Riggs spins a gothic tale of strangely gifted children and the monsters that pursue them from a set of eerie, old trick photographs.
The brutal murder of his grandfather and a glimpse of a man with a mouth full of tentacles prompts months of nightmares and psychotherapy for 15-year-old Jacob, followed by a visit to a remote Welsh island where, his grandfather had always claimed, there lived children who could fly, lift boulders and display like weird abilities. The stories turn out to be true—but Jacob discovers that he has unwittingly exposed the sheltered “peculiar spirits” (of which he turns out to be one) and their werefalcon protector to a murderous hollowgast and its shape-changing servant wight. The interspersed photographs—gathered at flea markets and from collectors—nearly all seem to have been created in the late 19th or early 20th centuries and generally feature stone-faced figures, mostly children, in inscrutable costumes and situations.

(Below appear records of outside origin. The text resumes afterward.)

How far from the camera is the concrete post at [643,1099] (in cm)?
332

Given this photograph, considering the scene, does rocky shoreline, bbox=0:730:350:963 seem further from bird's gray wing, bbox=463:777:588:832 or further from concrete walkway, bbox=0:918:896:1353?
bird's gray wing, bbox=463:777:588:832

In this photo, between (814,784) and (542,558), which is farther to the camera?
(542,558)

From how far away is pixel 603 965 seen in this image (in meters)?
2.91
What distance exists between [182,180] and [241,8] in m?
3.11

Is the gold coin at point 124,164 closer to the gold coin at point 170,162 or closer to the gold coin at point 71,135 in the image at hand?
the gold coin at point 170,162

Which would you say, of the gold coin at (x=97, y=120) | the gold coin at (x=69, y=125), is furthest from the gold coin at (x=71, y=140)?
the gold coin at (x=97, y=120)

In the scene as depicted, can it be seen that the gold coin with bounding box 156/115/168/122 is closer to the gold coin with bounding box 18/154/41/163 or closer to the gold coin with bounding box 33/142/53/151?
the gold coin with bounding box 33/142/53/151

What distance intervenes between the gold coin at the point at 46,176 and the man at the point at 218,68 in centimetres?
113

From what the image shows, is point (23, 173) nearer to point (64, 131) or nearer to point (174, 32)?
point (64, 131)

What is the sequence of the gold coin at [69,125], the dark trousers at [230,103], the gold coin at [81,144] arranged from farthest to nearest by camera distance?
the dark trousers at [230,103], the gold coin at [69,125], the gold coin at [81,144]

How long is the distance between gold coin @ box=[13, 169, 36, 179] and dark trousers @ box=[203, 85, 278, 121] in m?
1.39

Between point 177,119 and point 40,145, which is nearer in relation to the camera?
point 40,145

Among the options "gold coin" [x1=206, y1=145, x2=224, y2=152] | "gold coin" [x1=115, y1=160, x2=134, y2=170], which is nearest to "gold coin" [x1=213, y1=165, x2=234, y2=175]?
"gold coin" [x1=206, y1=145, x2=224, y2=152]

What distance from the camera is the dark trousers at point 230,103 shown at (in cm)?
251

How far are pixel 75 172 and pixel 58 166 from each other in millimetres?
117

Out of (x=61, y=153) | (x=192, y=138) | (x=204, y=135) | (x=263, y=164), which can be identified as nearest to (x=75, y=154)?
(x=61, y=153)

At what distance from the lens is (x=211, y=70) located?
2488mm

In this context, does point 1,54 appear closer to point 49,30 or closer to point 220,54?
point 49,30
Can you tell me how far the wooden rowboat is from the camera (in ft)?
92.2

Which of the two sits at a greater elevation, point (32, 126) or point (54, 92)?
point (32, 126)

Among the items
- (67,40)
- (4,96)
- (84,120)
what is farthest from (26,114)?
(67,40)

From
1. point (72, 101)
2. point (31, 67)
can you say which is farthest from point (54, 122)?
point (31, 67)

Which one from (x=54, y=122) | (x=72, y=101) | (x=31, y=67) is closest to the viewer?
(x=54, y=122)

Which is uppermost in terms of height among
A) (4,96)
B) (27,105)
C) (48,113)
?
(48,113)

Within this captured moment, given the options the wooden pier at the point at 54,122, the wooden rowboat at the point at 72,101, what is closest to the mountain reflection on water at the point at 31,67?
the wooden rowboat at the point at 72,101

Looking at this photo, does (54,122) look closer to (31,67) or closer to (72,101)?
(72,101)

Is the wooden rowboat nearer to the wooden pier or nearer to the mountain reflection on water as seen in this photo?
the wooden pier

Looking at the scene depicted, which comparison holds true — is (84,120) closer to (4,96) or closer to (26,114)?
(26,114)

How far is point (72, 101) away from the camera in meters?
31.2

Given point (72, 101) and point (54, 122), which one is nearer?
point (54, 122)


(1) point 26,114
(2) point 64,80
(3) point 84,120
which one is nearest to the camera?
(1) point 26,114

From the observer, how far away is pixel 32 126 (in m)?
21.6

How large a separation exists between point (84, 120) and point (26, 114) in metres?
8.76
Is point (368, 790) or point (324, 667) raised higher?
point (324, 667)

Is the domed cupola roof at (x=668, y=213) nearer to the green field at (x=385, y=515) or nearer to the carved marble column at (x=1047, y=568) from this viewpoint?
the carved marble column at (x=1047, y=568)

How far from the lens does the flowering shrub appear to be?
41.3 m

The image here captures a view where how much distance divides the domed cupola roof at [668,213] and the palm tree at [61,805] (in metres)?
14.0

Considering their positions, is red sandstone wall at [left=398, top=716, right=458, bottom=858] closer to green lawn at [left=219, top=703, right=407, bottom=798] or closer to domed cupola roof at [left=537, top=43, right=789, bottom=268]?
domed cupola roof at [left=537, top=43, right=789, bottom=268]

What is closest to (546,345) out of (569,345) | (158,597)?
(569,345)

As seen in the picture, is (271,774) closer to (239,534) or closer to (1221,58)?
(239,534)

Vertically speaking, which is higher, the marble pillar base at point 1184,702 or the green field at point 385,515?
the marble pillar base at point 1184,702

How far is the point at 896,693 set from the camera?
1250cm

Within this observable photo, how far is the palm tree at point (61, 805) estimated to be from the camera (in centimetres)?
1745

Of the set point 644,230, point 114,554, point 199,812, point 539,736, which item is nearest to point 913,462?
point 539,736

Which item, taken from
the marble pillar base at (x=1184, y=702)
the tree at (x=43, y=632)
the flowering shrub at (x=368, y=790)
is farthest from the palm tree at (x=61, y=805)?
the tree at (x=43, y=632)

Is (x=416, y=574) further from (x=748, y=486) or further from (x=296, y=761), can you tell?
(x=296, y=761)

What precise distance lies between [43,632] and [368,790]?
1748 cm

They are seen floating in the air, posing with a disreputable-looking Santa, covered in bees, dressed in rags and kneeling on a bomb, among other surreal images. Though Jacob’s overdeveloped back story gives the tale a slow start, the pictures add an eldritch element from the early going, and along with creepy bad guys, the author tucks in suspenseful chases and splashes of gore as he goes. He also whirls a major storm, flying bullets and a time loop into a wild climax that leaves Jacob poised for the sequel.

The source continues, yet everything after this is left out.